I am not a blind admirer of the court. In the occupied territories, it is an arm of the occupation, devoted to “national security”, approving of some of the worst incidents. Only in rare cases has it come out against the worst practices. But in Israel proper, it is a stout defender of civil rights.

The extreme rightists in the Knesset are resolved to put an end to this. Their front man is the Minister of Justice, who was appointed by Avigdor Lieberman. He is pushing a series of scandalous ad hominem bills. One of them is designed to change the composition of the public committee that appoints the judges, with the undisguised intention of bringing about the appointment of a particular right-wing judge to the Supreme Court.

Another bill has the undisguised purpose of changing the existing court rules in order to put a certain “conservative” judge in the chair of Chief Justice. The declared purpose is to abolish the rule of an independent court which dares, though only in rare cases, to block “anti-constitutional” laws enacted by the Knesset majority. They want the court to “represent the will of the people”. (Remember Weimar?)

Until now, since the first day of the state, the justices have been, in practice, chosen by cooptation. This has functioned perfectly for 63 years. Israel’s Supreme Court is the envy of many countries. Now this system is in mortal danger.

Another bill, which would have compelled candidates for the Supreme Court to undergo grilling by a Knesset Committee chaired by another Lieberman appointee, and obtain their approval, was withheld at the last moment by Netanyahu himself, He had already given his approval, but shrank back after the almost universal condemnation – and is now posing as the defender of democracy from his own underlings.

The chairman of the Judicial Committee of the Knesset, another Lieberman appointee, is rushing these laws through his committee, contrary to established procedures. In a stormy session this week, a female member called him “a coarse thug”. He replied: “You are not even a beast”.
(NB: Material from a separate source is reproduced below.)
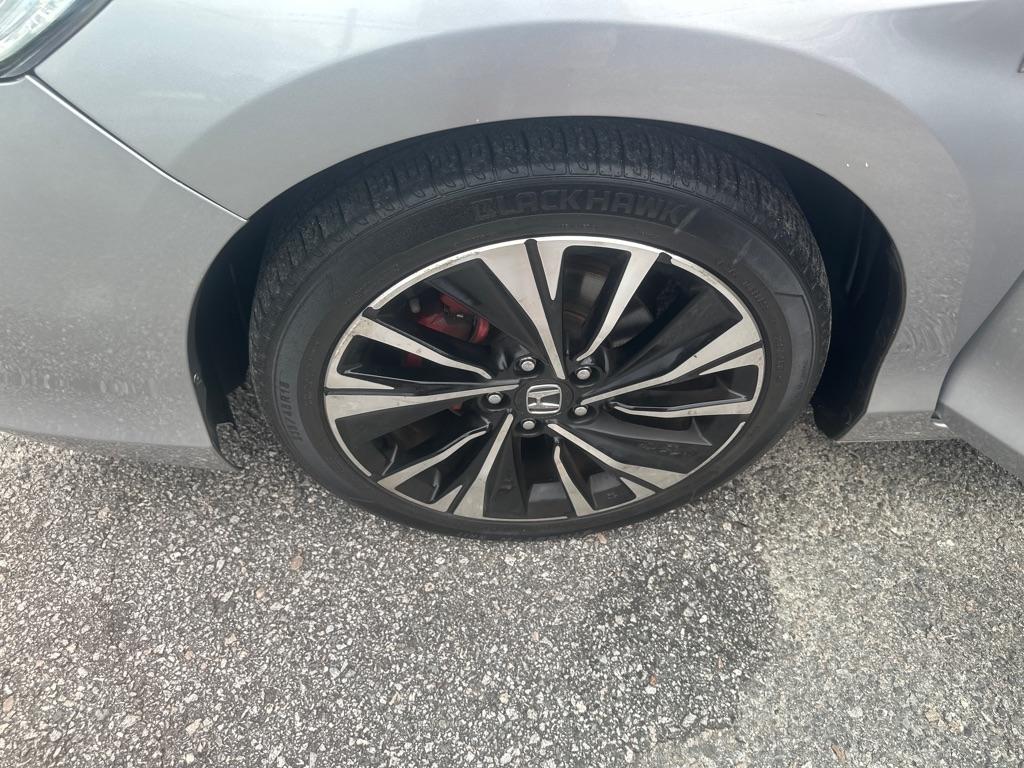 Honda Accord photo 17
A minimal purpose of these bills is to terrorize any judges considering vetoing the other anti-democratic bills that are being enacted. Some say that the effects are already being felt.

In several famous cases, the government openly flouts the Supreme Court’s orders, especially concerning the evacuation of “settlements outposts” built on lands belonging to Palestinian farmers.

Who will defend the court? The former Chief Justice, Aharon Barak, who was hated by the rightists because of his pioneering “judicial activism”, once told me: “The Court has no army divisions. Its power rests solely on the support of the public.”

THE ASSAULT on the media started some time ago when the American casino baron, Sheldon Adelson, a close friend of Netanyahu, started a daily tabloid paper with the express purpose of helping Netanyahu. It is being distributed for free and now has the biggest circulation in the country, threatening the existence of all the others (but also bribing them by giving them huge printing orders.) Money is no object. Huge sums are being spent.

That was only the beginning.

In 1965 the Labor party government enacted a new libel law (called literally “the Law of the Evil Tongue”) which was then clearly designed to muzzle “Haolam Hazeh”, the mass-circulation news magazine I was editing, which had introduced investigative reporting to Israel. I appealed to the public to send me to the Knesset in protest, and 1.5% of the voters were incensed enough to do so.

Now the right-wing gang in the Knesset wants to sharpen this anti-media law even more. The new amendment grants up to $135,000 damages to anyone claiming to be hurt by the media, without their having to prove any damage at all. For newspapers and TV channels, which are already in a precarious financial position, this means that they better give up all investigative reporting and any criticism of influential politicians and tycoons.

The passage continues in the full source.